YOUR GOAL> Send back the entries exactly as they were given.

[[ PROVIDED DATA, beginning ]]

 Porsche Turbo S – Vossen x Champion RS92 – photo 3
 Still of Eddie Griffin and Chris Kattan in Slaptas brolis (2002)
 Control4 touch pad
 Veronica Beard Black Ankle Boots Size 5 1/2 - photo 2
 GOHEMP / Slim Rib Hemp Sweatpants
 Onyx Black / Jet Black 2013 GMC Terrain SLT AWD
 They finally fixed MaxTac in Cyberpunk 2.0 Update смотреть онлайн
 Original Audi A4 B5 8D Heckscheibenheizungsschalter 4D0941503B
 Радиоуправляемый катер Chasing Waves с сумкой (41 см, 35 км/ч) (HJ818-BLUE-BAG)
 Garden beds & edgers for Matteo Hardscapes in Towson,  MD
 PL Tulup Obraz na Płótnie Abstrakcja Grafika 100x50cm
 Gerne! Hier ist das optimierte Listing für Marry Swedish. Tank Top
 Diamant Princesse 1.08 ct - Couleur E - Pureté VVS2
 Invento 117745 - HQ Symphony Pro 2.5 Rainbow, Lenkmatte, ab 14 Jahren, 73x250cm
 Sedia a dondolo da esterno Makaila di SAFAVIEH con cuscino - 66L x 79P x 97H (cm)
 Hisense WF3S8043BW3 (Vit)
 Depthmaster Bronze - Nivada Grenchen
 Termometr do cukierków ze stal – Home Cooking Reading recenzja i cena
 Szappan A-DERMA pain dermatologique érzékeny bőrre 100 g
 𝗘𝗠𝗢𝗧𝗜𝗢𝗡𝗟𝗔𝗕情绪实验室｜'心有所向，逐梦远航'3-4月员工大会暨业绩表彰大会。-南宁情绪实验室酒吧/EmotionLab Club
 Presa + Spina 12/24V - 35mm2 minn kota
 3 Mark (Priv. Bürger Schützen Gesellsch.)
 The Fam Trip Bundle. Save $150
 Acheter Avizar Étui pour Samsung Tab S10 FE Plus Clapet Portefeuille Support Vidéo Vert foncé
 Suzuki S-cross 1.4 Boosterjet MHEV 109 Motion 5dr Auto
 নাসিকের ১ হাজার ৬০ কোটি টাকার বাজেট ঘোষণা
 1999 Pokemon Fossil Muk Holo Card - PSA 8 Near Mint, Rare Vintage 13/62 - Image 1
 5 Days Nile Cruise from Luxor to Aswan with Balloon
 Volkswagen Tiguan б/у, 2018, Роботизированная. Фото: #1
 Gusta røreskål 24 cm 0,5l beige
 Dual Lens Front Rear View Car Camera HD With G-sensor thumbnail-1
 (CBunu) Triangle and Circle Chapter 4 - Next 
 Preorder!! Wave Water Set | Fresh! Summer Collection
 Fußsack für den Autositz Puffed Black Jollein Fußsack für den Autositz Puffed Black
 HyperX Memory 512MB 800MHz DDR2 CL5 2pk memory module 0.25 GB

[[ PROVIDED DATA, end ]]

WRITTEN RESPONSE>
 Porsche Turbo S – Vossen x Champion RS92 – photo 3
 Still of Eddie Griffin and Chris Kattan in Slaptas brolis (2002)
 Control4 touch pad
 Veronica Beard Black Ankle Boots Size 5 1/2 - photo 2
 GOHEMP / Slim Rib Hemp Sweatpants
 Onyx Black / Jet Black 2013 GMC Terrain SLT AWD
 They finally fixed MaxTac in Cyberpunk 2.0 Update смотреть онлайн
 Original Audi A4 B5 8D Heckscheibenheizungsschalter 4D0941503B
 Радиоуправляемый катер Chasing Waves с сумкой (41 см, 35 км/ч) (HJ818-BLUE-BAG)
 Garden beds & edgers for Matteo Hardscapes in Towson,  MD
 PL Tulup Obraz na Płótnie Abstrakcja Grafika 100x50cm
 Gerne! Hier ist das optimierte Listing für Marry Swedish. Tank Top
 Diamant Princesse 1.08 ct - Couleur E - Pureté VVS2
 Invento 117745 - HQ Symphony Pro 2.5 Rainbow, Lenkmatte, ab 14 Jahren, 73x250cm
 Sedia a dondolo da esterno Makaila di SAFAVIEH con cuscino - 66L x 79P x 97H (cm)
 Hisense WF3S8043BW3 (Vit)
 Depthmaster Bronze - Nivada Grenchen
 Termometr do cukierków ze stal – Home Cooking Reading recenzja i cena
 Szappan A-DERMA pain dermatologique érzékeny bőrre 100 g
 𝗘𝗠𝗢𝗧𝗜𝗢𝗡𝗟𝗔𝗕情绪实验室｜'心有所向，逐梦远航'3-4月员工大会暨业绩表彰大会。-南宁情绪实验室酒吧/EmotionLab Club
 Presa + Spina 12/24V - 35mm2 minn kota
 3 Mark (Priv. Bürger Schützen Gesellsch.)
 The Fam Trip Bundle. Save $150
 Acheter Avizar Étui pour Samsung Tab S10 FE Plus Clapet Portefeuille Support Vidéo Vert foncé
 Suzuki S-cross 1.4 Boosterjet MHEV 109 Motion 5dr Auto
 নাসিকের ১ হাজার ৬০ কোটি টাকার বাজেট ঘোষণা
 1999 Pokemon Fossil Muk Holo Card - PSA 8 Near Mint, Rare Vintage 13/62 - Image 1
 5 Days Nile Cruise from Luxor to Aswan with Balloon
 Volkswagen Tiguan б/у, 2018, Роботизированная. Фото: #1
 Gusta røreskål 24 cm 0,5l beige
 Dual Lens Front Rear View Car Camera HD With G-sensor thumbnail-1
 (CBunu) Triangle and Circle Chapter 4 - Next 
 Preorder!! Wave Water Set | Fresh! Summer Collection
 Fußsack für den Autositz Puffed Black Jollein Fußsack für den Autositz Puffed Black
 HyperX Memory 512MB 800MHz DDR2 CL5 2pk memory module 0.25 GB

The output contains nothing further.